Front Matter: The AI-Native SDLC

What software development looks like when the machine writes it

What software development looks like when the machine writes it

The AI-Native Canon - Volume VI Year: 2026 Author: Alpesh Nakrani

A practical reconstruction of software development lifecycle discipline for teams that use AI to draft, modify, test, review, and sometimes operate code.

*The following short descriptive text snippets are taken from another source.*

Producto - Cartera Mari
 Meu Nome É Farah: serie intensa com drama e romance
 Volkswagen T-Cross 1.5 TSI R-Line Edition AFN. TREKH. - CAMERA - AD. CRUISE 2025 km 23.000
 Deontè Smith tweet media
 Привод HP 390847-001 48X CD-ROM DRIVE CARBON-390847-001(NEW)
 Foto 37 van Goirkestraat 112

An AI-native SDLC is a software delivery lifecycle rebuilt for machine-written code: intent first, provenance captured, risk routed, behavior evaluated, ownership explicit, and production learning wired back into the system.

Key Takeaways

  • The AI-native SDLC does not remove engineering discipline; it makes intent, provenance, and evidence more important.
  • Generated code should be managed as one artifact inside a chain that includes specs, prompts, tests, ownership, and rollback.
  • The ACCEPT loop gives teams a practical operating model for making machine-written change survivable.
  • The book is for leaders and engineers who need generation speed without losing accountability.

Research spine

This chapter uses: DORA, State of AI-assisted Software Development 2025; NIST SP 800-218 Secure Software Development Framework; SLSA: Supply-chain Levels for Software Artifacts.

Preface

The software development lifecycle was built around a human author. Requirements were written by people, implementation was written by people, tests were written by people, review was performed by people, and production incidents were investigated by people. AI does not remove this lifecycle. It breaks some of its assumptions.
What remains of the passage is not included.